Critics have pointed out that the teacher’s union is acting out of self-interest, pressuring the federal government to drop an evaluation process for hiring, promoting and awarding tenure to teachers, one which the government announced last Friday that it will suspend. Although the criticism is undoubtedly true, the fact that a union – or any organization of any kind – is acting out of self-interested motives is hardly a revelation. What is more surprising is how much Mexican citizens have been willing to put up with for so long, to wit:

  • It pays to be a congressperson. In 2015, a diputado, or representative in Mexico’s Congress, earns 1,264,536 pesos a year, after taxes. This translates to 160,833 pesos (some $11,488 dollars) a month. Senators earn 2,729,099 pesos a year after taxes, some 262,337 pesos ($18,738 dollars) a month. These figures include the following benefits: four different kinds of insurance, a meal budget, savings fund, transport reimbursement, and a Christmas bonus worth 40 days of salary. The minimum wage in Mexico is between 68-70 pesos ($5 dollars) a day, or some $100 dollars a month. This is one of the lowest figures in the OCDE, and not enough to acquire a canasta básica of daily food intake.
  • In its issue #1969 of July 2014, Proceso newsmagazine reported a special bonus of $300 million pesos paid out to Congressional parties that voted in favor of a series of reforms, including the crown jewel, the Energy Reform Bill that privatized Mexico’s lucrative oil industry. For his part, Ricardo Monreal, head of the Movimiento Ciudadano party in the lower house, reported having received $15 million pesos in unsolicited funds. When he tried to return them to the treasury, he was denied.
  • The Mexican “partidocracy” will receive 5,356 million pesos in public financing this year. While the idea of public financing of campaigns is a good one in principle, parties in Mexico use this generous funding to maintain their stranglehold of the political process and lock other actors out. As there is no open primary process for selecting party candidates, party bosses tend to decide who receives the nominations, leading to a revolving-door rotation of many of the same names between the lower and upper houses. And although independent candidacies were finally allowed as of this year, would-be candidates are required to collect 1% of the nationwide voting roll to do so, some 780,000 signatures. This they are required to do in 120 days, with their own funds.

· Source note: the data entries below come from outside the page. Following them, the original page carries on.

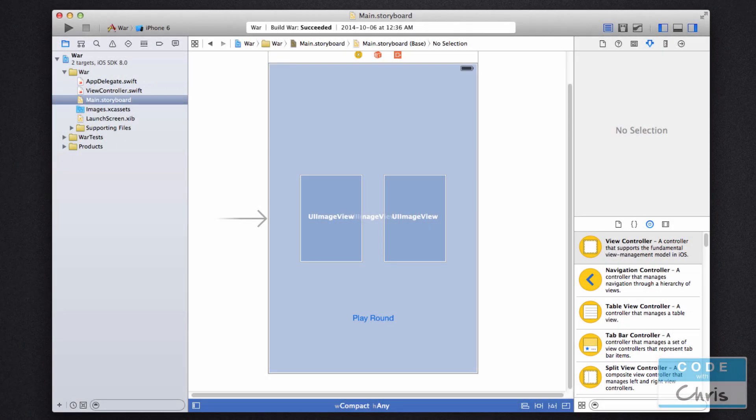Hey guys, welcome to lesson 9 of how to make iPhone apps with no programming experience. In this lesson we're going to look at IBOutlet properties and how to expose all of the elements we added to the storyboard to the view controller for manipulation.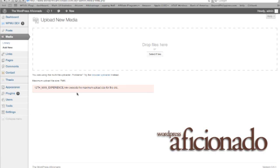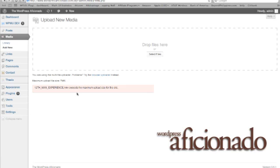And the only way you can upload media files is through an FTP application such as Fetch, which I use because I'm on a Mac. I think for PCs they offer, I think it's called FileZilla. I have to double check on that and I'll have the link for you PC users below.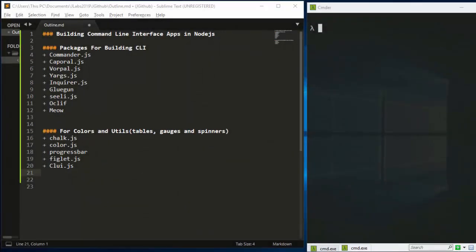Hello everyone, welcome back. My name is Jesse and in this tutorial we're going to see how to build CLI applications in Node.js. CLI applications simply means command line interface applications, that allow you to run your program and functions within your terminal.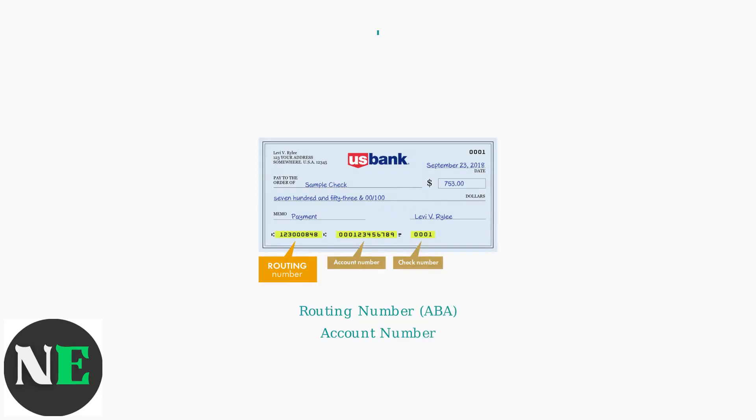In this section, you can add new bank accounts or modify existing ones. You'll need your bank's routing number, account number, and account type.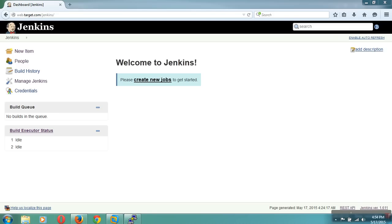Hi! Welcome to the Jenkins Tutorial Part 4. My name is Samusri Kharedi. Here I am going to show how to create the nodes in Jenkins.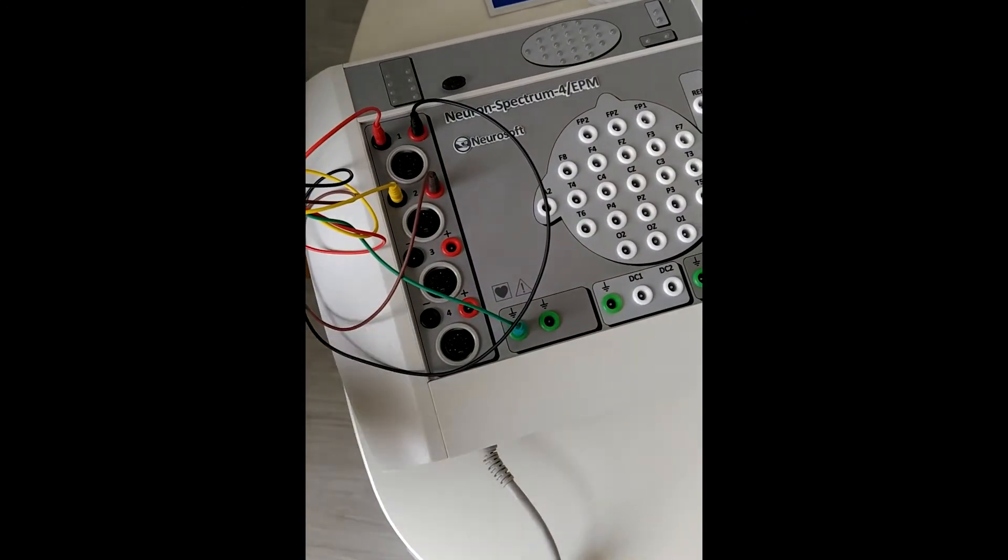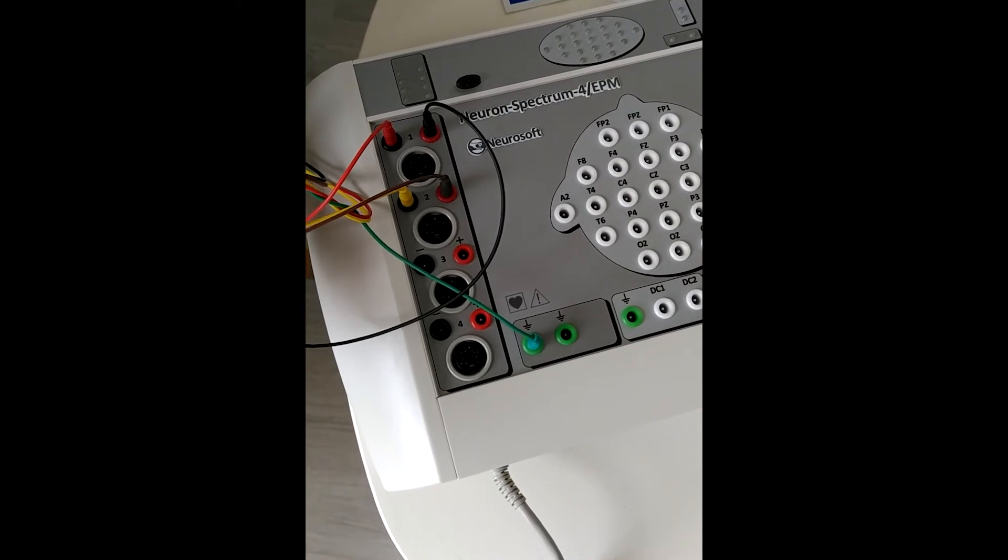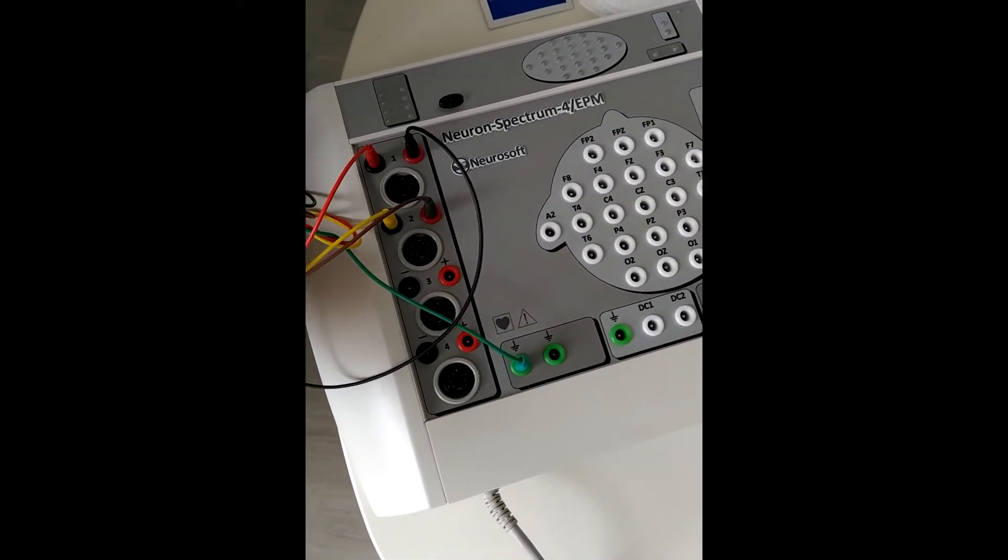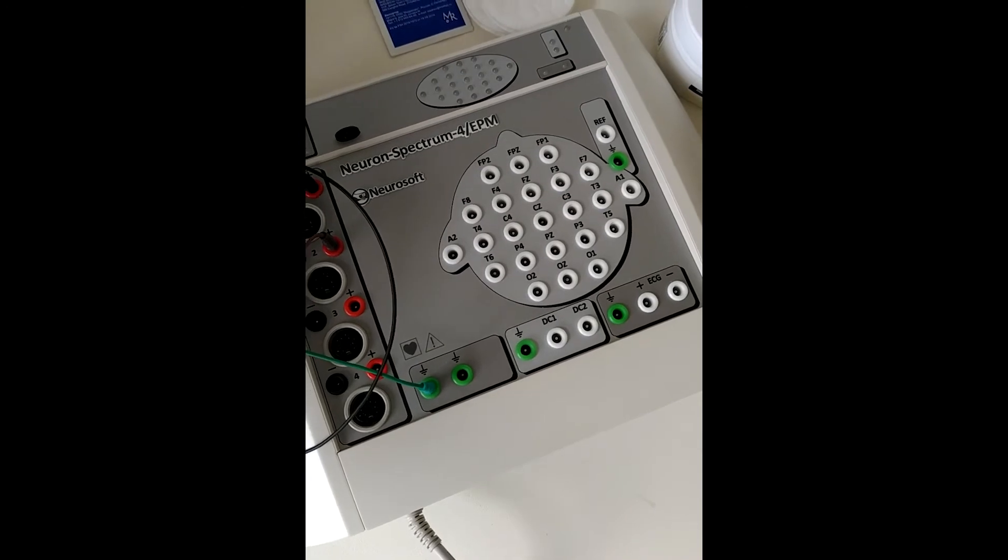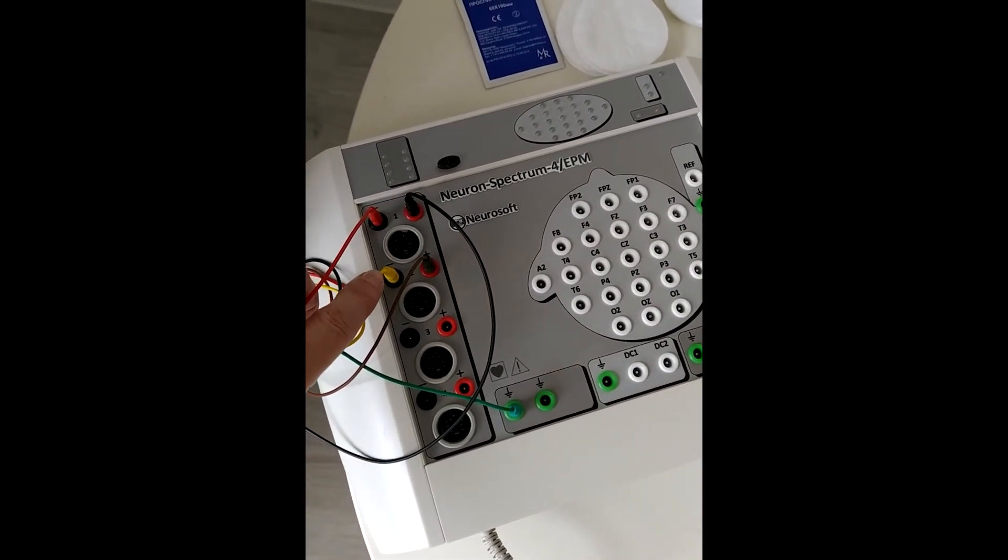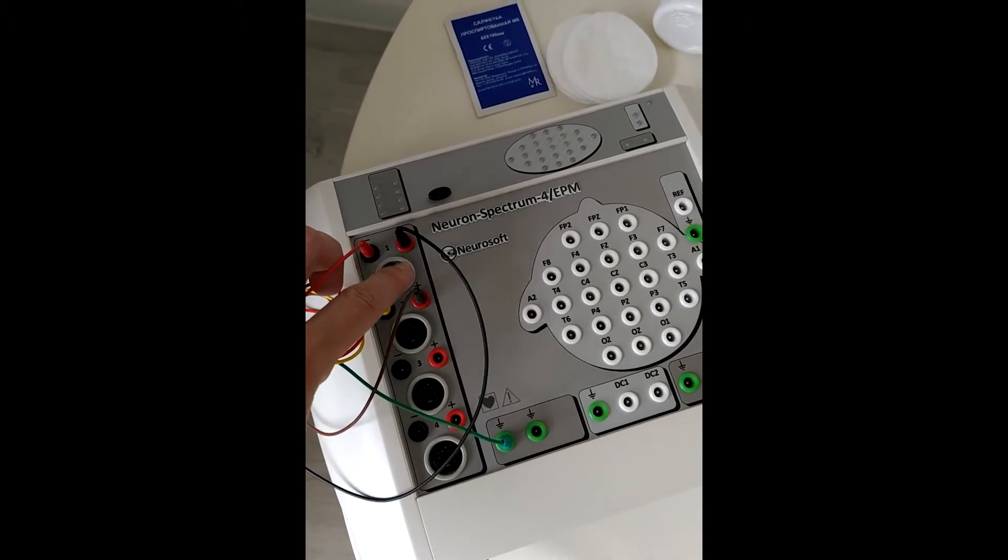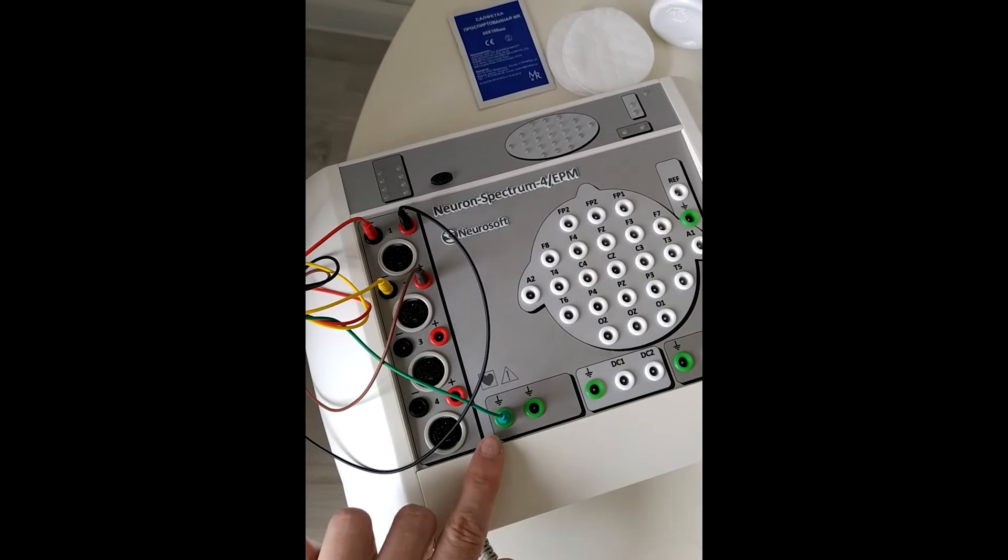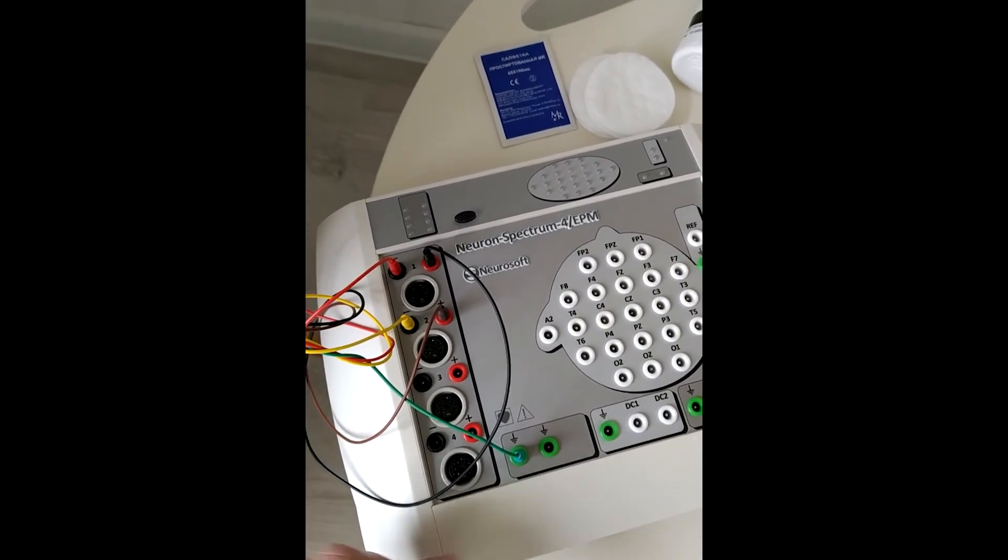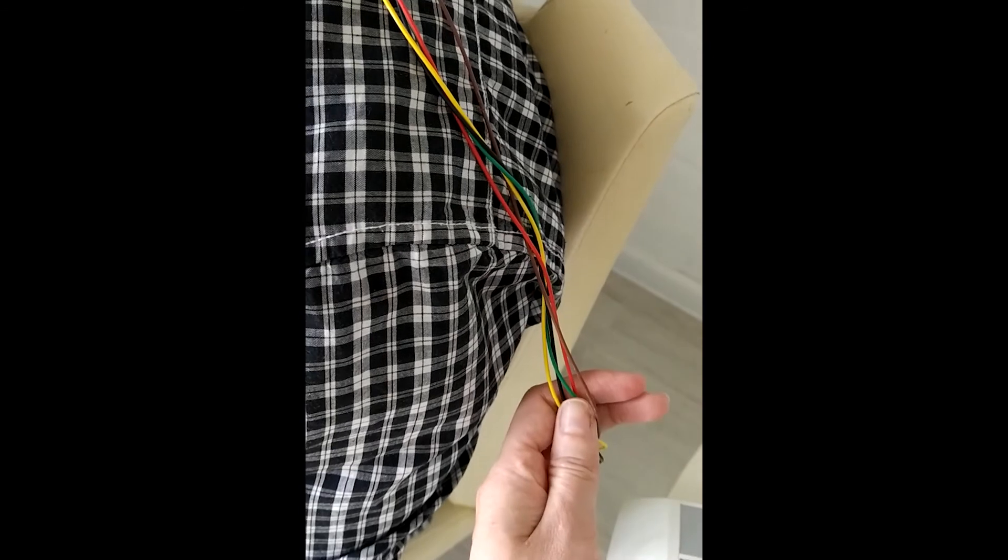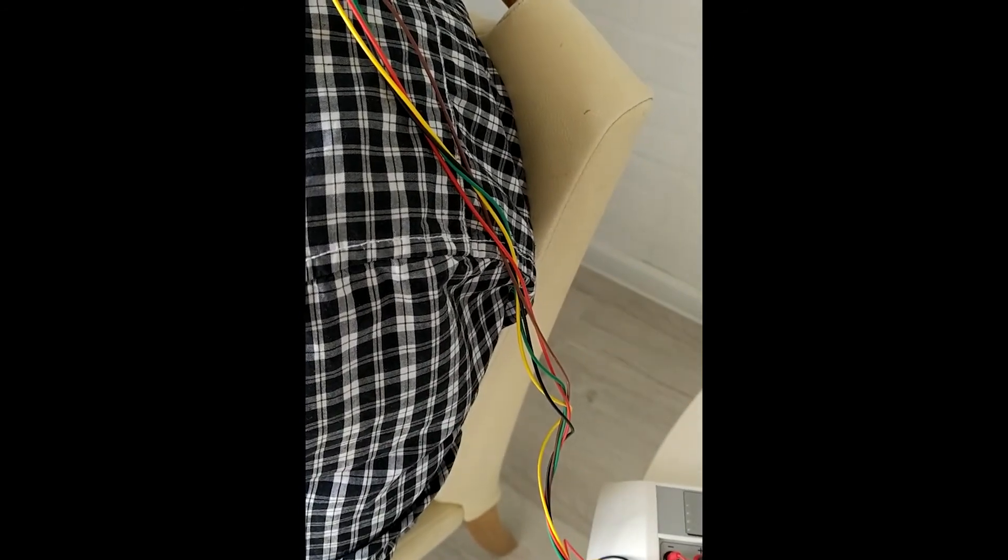We have connected the electrodes to our Neuron Spectrum device. Active electrodes connected to the minus position of the channels, the reference electrode in the plus positions, and here is the ground electrode. Our cables are twisted to each other to minimize the notch noise.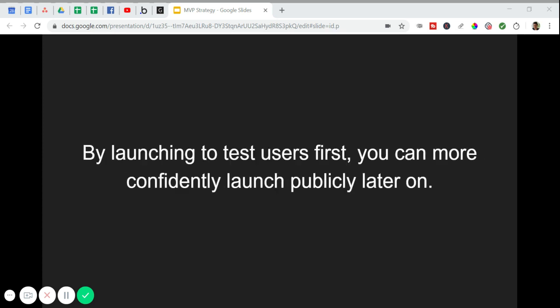The second thing to remember is, by launching to test users first, you can launch something publicly that you know people actually want to use. A lot of people go off their gut when building their apps. They think every feature they've come up with is a must-have and that their idea is completely revolutionary. They think there's no need to start small because they just know their users will want all these features. And if they don't get to market quickly enough, someone else will offer those same features in a different software solution. That's a trap too many people fall into though.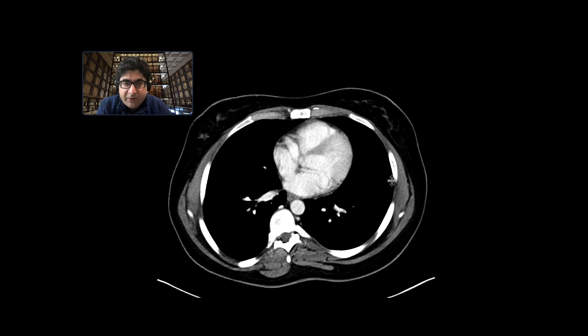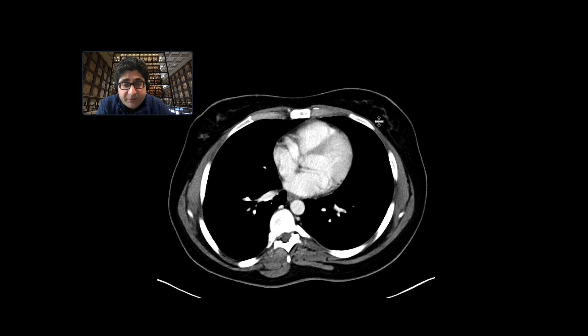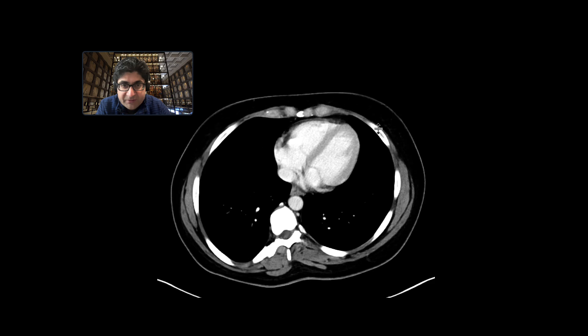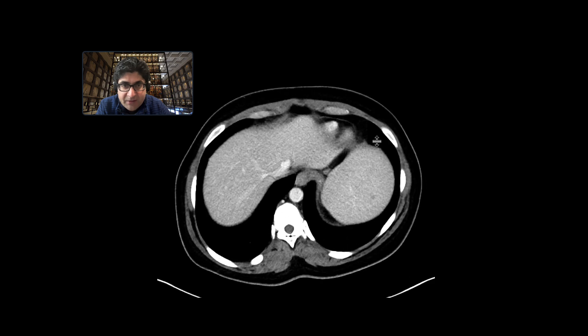This is a patient with a history of melanoma who is here for routine staging. We did a CT scan with intravenous contrast to evaluate for the presence of metastases.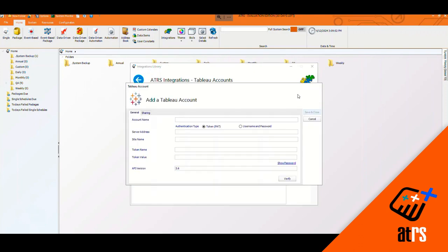I'm going to click Add, and now here's where I'm going to enter all the information that I will need to add my Tableau account. So I'm going to give it a name, and I'm just going to call it Tableau Account. And then I'm going to use the Token PAT authentication type.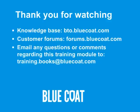Thank you for watching. This concludes the Using Policy Tracing on the ProxySG training. For more information on policy-related topics, visit the following Bluecoat resources: The Knowledge Base at bto.bluecoat.com and the Customer Discussion Forums at forums.bluecoat.com. For additional questions or comments regarding this training module, contact us at training.books at bluecoat.com.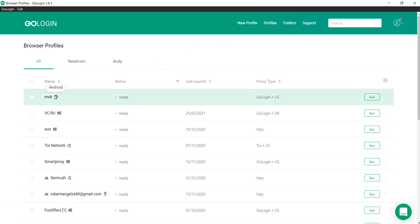Near the profile name you will see the Android icon. Launch the profile by clicking Run. And check it.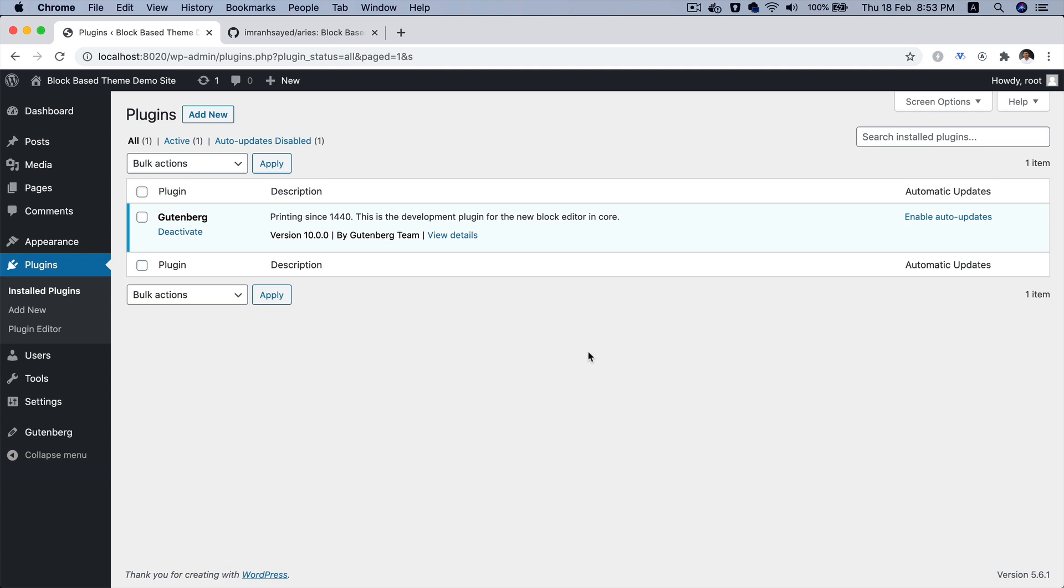If you just know basic HTML and CSS, that should be enough to build a block-based theme. You do not need to be too technical. You'll also observe that you will spend most of the time in the editor itself, which means it's lowering the entry barrier for many people to start developing block-based themes. Okay, so let's begin.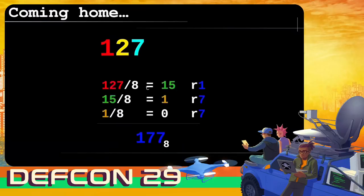To go backwards from decimal to octal, we use remainders. 127 divided by 8 is 15 remainder 1; 15 divided by 8 is 1 remainder 7; 1 divided by 8 is 0 remainder 1. Reading the remainders right to left gives you the octal number: 177.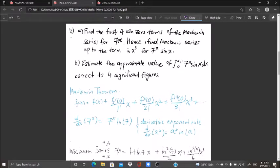Question 5a: find the first four non-zero terms. This doesn't mean I will only go up to x³ — constant, x, x², x³ — because some terms may equal zero. For example, if the coefficient of x² equals zero, I need to expand my Maclaurin series up to x⁴ or x⁵ to find four non-zero terms.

This not to mention the deep pit of disrepute into which the National Electoral Institute (INE) has fallen. The Institute has been responsible for two fraudulent presidential elections in a row, those of 2006 and 2012, and has proven typically negligent in policing the actions of the Green Party – a satellite of the ruling PRI party – in its multiple violations of electoral law this time around. Its head, Lorenzo Córdova, was recently recorded making disparaging comments about indigenous people. And, incidentally, the 11 councilors of the Electoral Institute take home a cool 182,212 pesos ($13,015 dollars) a month while the actual poll workers are lucky to get a sandwich and a coke.

But yes, the elections must go on. Unresolved killings across the country, the case of 43 missing students being covered up until it’s forgotten about, but the elections must go on.  I will vote tomorrow, but I understand the millions of people who will abstain or spoil their ballot. Not everyone has as high a tolerance for farce as a playwright.